Mr. McConnell, lead negotiator for the Administration in lobbying for the bill, said in an interview that the court’s restrictions had made his job much more difficult.

“It was crazy, because I’m sitting here signing out warrants on known Al Qaeda operatives that are killing Americans, doing foreign communications,” he said. “And the only reason I’m signing that warrant is because it touches the U.S. communications infrastructure. That’s what we fixed.”

Then, the effect:

New York city police increased security throughout Manhattan on Friday and at bridges and tunnels in response to what they called an "unverified radiological threat," but said the city's alert status remained unchanged.

The New York Police Department said in a statement it has increased the deployment of radiological sensors on vehicles, boats and helicopters and had set up vehicle checkpoints in lower Manhattan and at bridges and tunnels.

Police confirmed the increased security was in response to receiving information that a dirty bomb may go off around 34th street in Manhattan on Friday evening.

The Empire State Building, New York City's tallest building, Madison Square Garden and Macy's department store are in the 34th Street neighborhood.

This was in response to the following al Qaeda threat:

The al Qaeda communications accuse the Americans of the grave error of failing to take seriously the videotape released by the American al Qaeda spokesman Adam Gaddahn last week. “They will soon realize their mistake when American cities are hit by quality operations,” said one message.

Another said the attacks would be carried out “by means of trucks loaded with radio-active material against America’s biggest city and financial nerve center.”
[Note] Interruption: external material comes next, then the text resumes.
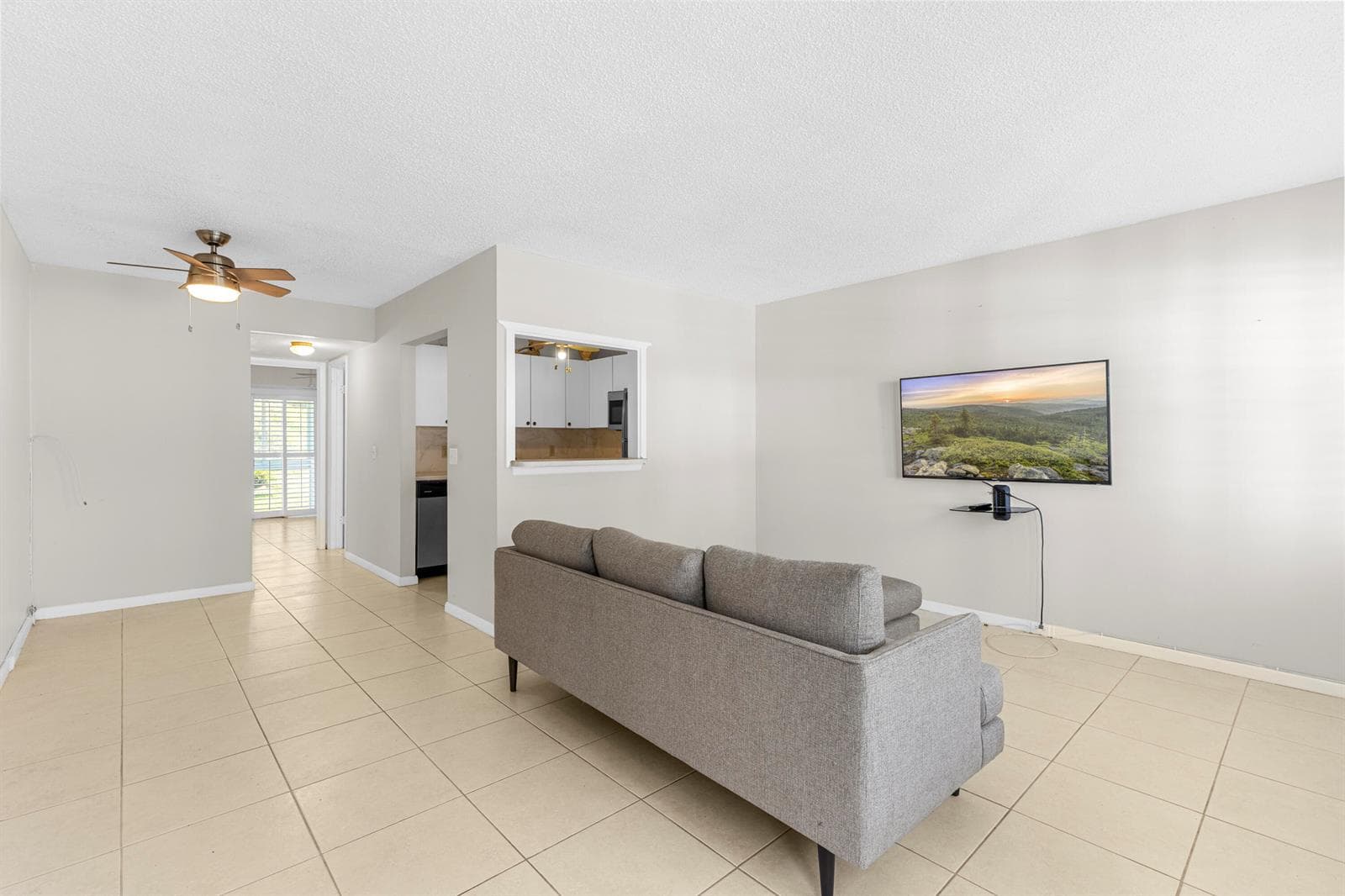 418 Tilford T # 418, Deerfield Beach FL 33442 photo 3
A third message mentioned New York, Los Angeles and Miami as targets. It drew the answer:

“The attack, with Allah’s help, will cause an economic meltdown, many dead, and a financial crisis on a scale that compels the United States to pull its military forces out of many parts of the world, including Iraq, for lack of any other way of cutting down costs.”

Obviously Manhatten didn't get "dusted" last night. City and federal officials are down-playing it today, but they must have thought it was more than an empty threat to take such precautionary measures.

Why are they down-playing this? Probably to avoid accusations of "fearmongering" from liberal Democrats, who are only interested in "connecting the dots" after an attack rather than before it, and then only when a Republican is on the White House to take the blame. One way to help determine if a particular 'Net threat like this is bona fide is, of course, to monitor terrorist communications, which the Dems adamantly oppose on "civil liberties" grounds. That would be al Qaeda's "civil liberties," I suppose, as the Donks are ever intent on curtailing our own, as unconstitutional gambits like the "Fairness" Doctrine amply illustrate.

Maybe this threat is real, maybe it's a feint, and perhaps it's just bluster. Or maybe the attack is scheduled for a later date. If the TSP had been in full operation the past eight months, we'd probably have a lot clearer idea one way or the other. As it is, the Bushies have been barred until the last few days from sorting the "chatter" wheat from the "chatter" chaff, and whether it's in New York, Los Angeles, Miami, or someplace else, a lot more American lives may soon be lost as a result. And it'll be the President's fault, of course, for "failing to connect the dots" while bound, gagged, blindfolded, and earmuffed.

For a bunch that has always considered Dubya to be dumber than a Crawford fence post, the Dems sure do expect miracles from the man - when it suits their purposes.